Por lo tanto, sobre la base de lo especificado en la presente Carta, decretamos y, al mismo tiempo, declaramos que todas las personas enumeradas, aunque merezcan una mención muy especial, así como sus sucesores en el cargo, nunca podrán considerarse disueltos y exentos, bajo el pretexto de esta Carta o bajo cualquier otro pretexto, de la obligación personal de retractarse, revocar, anular y eliminar las citadas responsabilidades o de procurar de otro modo, de manera concreta y efectiva, una debida y conveniente compensación a la Iglesia, a Nosotros y a la Santa Sede, pero están y estarán siempre obligados a estos cumplimientos si quieren obtener el beneficio de la absolución.

Por eso, mientras cumplimos penosamente Nuestro deber, impulsados por una triste y urgente necesidad, no nos es posible olvidar que sostenemos aquí en la tierra el papel de Aquel que no quiere la muerte del pecador, sino que se convierta y viva, y que vino al mundo a buscar y salvar lo que estaba perdido. Por eso, en la humildad de Nuestro corazón, imploramos y suplicamos, con fervientes e incesantes oraciones, Su misericordia para que ilumine propiamente, con la luz de Su divina gracia, a todos aquellos a los que hemos tenido que herir con la severidad de las penas eclesiásticas y, con Su omnipotencia, los reconduzca del camino de la perdición al de la salvación.

Decretamos que esta Carta, con todo su contenido -aunque las personas mencionadas y otras que están implicadas en los hechos mencionados o creen estarlo de alguna manera, en cualquier condición, rango, orden, posición de prestigio y poder que se les atribuya o que, por otras razones, se consideren dignas de una mención particular y específica, aleguen la excusa de no haber dado su consentimiento, pero hayan sido llamadas a participar en ella, han sido oídos e interrogados sin que se les haya explicado, aclarado y justificado suficientemente las intenciones por las que se decidieron estas operaciones- nunca pueden, por esta o cualquier otra razón, argumento, pretexto y perjuicio, considerarse afectados por defectos de surrección, orrección o nulidad, por falta de voluntad por nuestra parte o de consentimiento por parte de los interesados, o por cualquier otro defecto. Por lo tanto, no puede ser impugnado, infringido, retractado, cuestionado o reconducido a cuestiones jurídicas, ni puede promoverse y obtenerse contra sus disposiciones el favor de un pronunciamiento, la restitución in integrum, o cualquier otro favor de derecho, de hecho o de remisión: esto (aunque lo solicitado se apoye en una concesión con plenas facultades) no puede nunca hacerse valer ni judicial ni extrajudicialmente.

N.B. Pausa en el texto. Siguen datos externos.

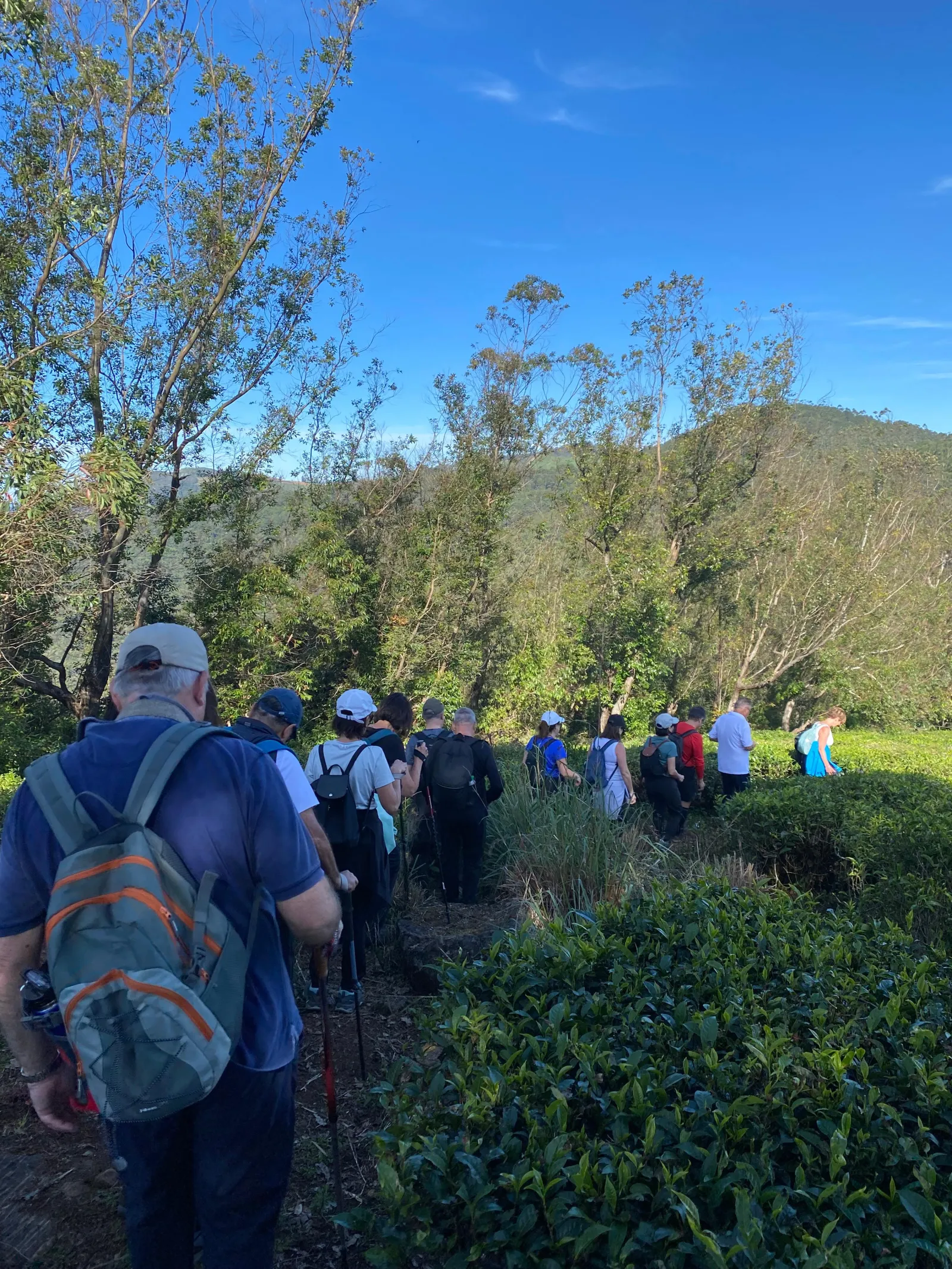 Single Tree Hill Hiking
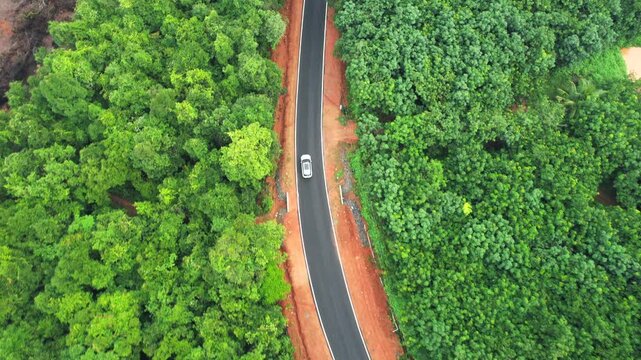 Car Driving, Forest Road, Village road, monsoon weather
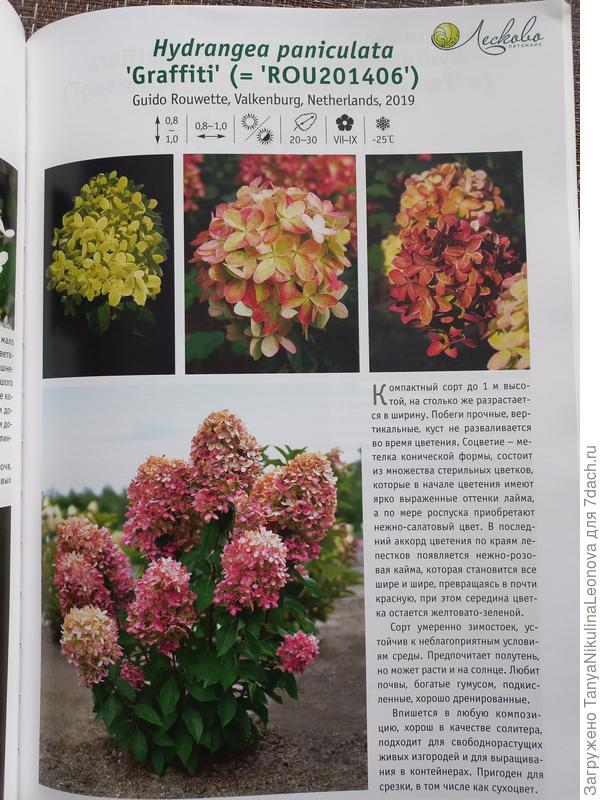 Описание Граффити от питомника Лесково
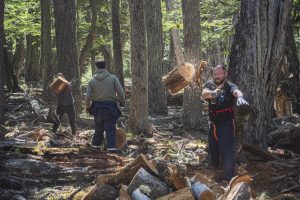 Plan Invernal 2026: El Consejo Agrario destacó la articulación con la cartera social y el cuidado del bosque andino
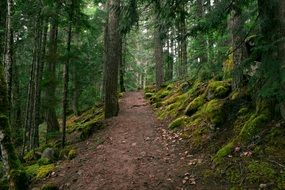 level path in the forest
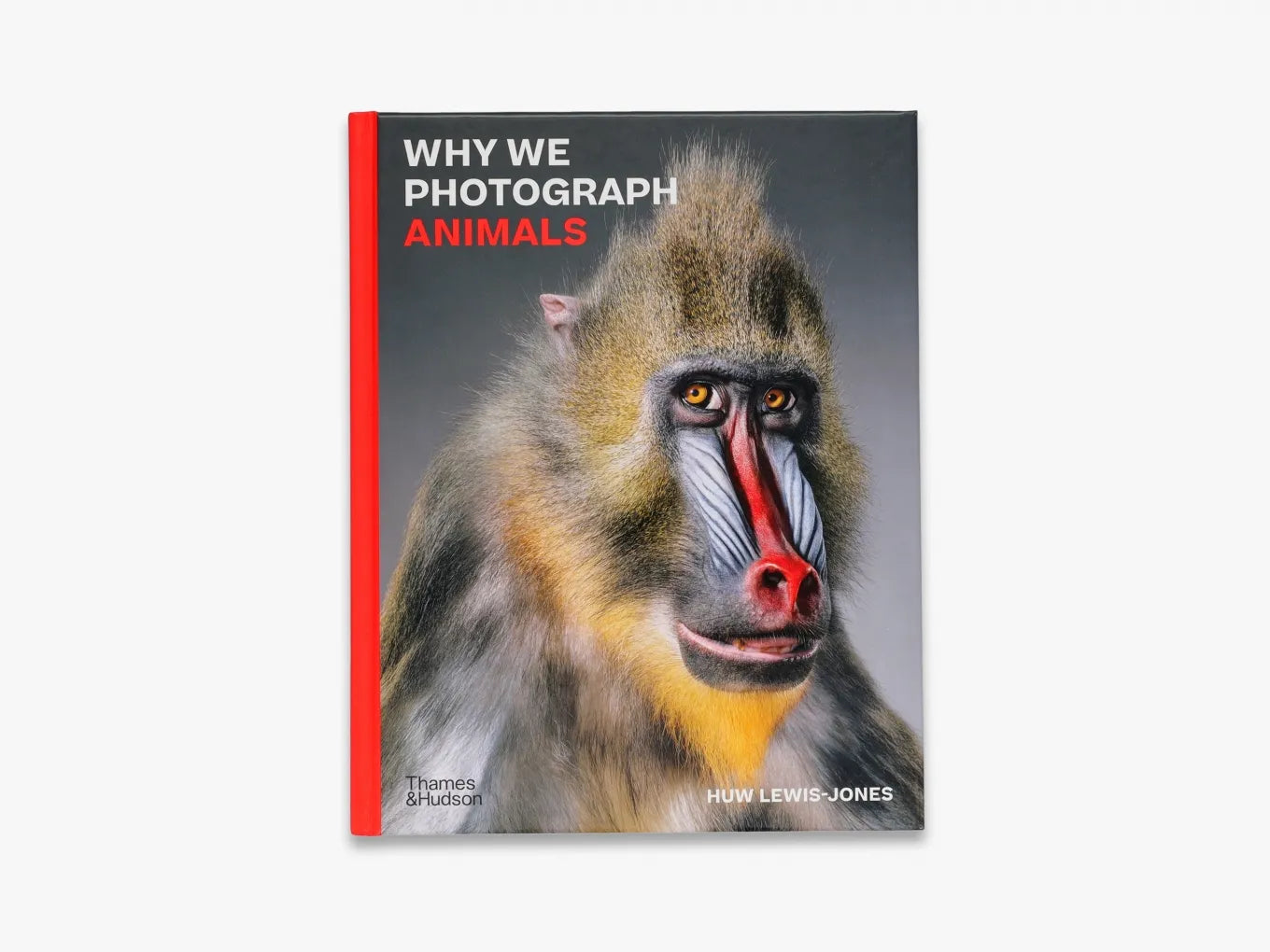 Why We Photograph Animals - Exploring the Beauty of Wildlife Photography for Nature Lovers and Conservationists | Perfect for Wall Art, Gifts, and Educational Purposes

Por lo tanto, esta carta debe mantener siempre inalterable y firme su eficacia, tanto en el presente como en el futuro; debe poder perseguir y obtener todos sus frutos en su totalidad, y debe ser escrupulosamente aplicada por todos aquellos a quienes corresponde, y por cualquiera que posteriormente sea designado para ello.

Sobre la base de estas disposiciones, y no de otra manera, todos los jueces ordinarios y delegados, los mismos auditores de las causas del Palacio Apostólico, los Cardenales de la Santa Iglesia Romana, así como los Delegados a latere, los Nuncios de la Santa Sede y cualquier otro juez, cualquiera que sea el oficio y el poder que hayan ejercido y que puedan ejercer, habiéndose quitado a todos y cada uno la autoridad y la facultad de juzgar y decidir de otra manera. En el caso de que se tome una decisión diferente, independientemente del grado de autoridad del juez, ya sea por razón o ignorancia, el acto será nulo.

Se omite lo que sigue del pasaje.